▶ **Task details**
All lines from the one that contains "Oil filter Weichai Rui power oil" through the close of the entries below are to be repeated exactly, without any pictures.

(Beginning of The data)

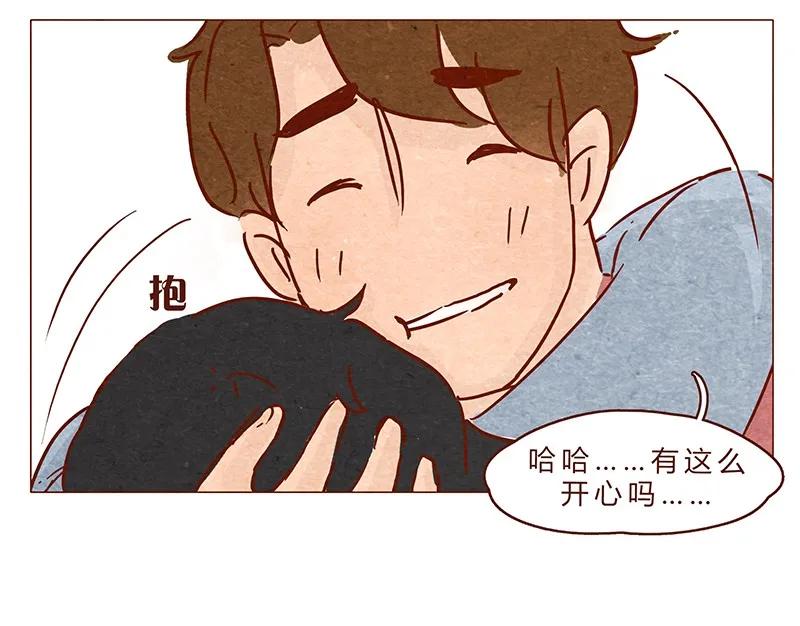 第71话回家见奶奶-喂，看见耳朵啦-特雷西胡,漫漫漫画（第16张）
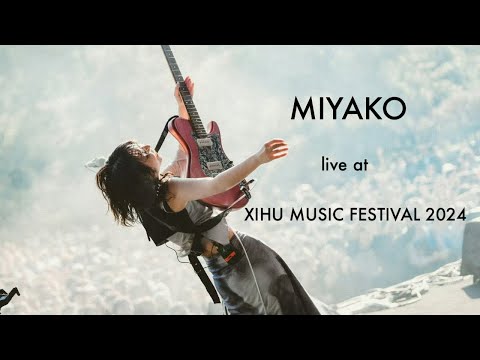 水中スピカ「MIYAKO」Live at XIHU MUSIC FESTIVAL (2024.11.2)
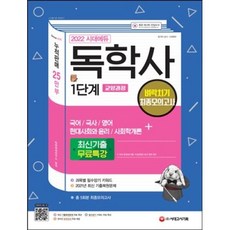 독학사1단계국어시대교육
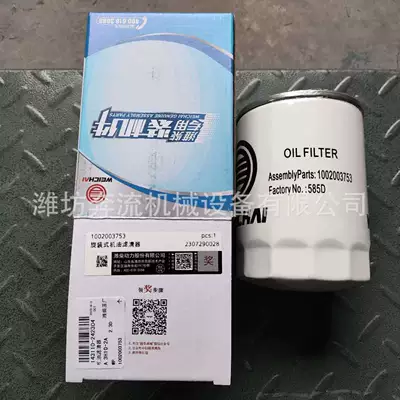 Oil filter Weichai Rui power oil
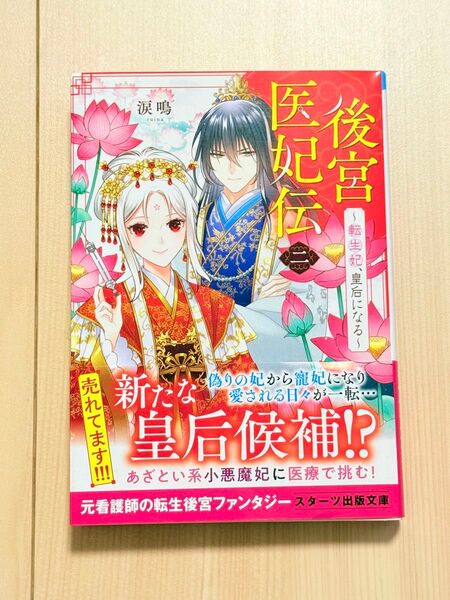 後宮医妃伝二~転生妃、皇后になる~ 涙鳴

(End of The data)

▶ **Answer to this problem**
 Oil filter Weichai Rui power oil
 後宮医妃伝二~転生妃、皇后になる~ 涙鳴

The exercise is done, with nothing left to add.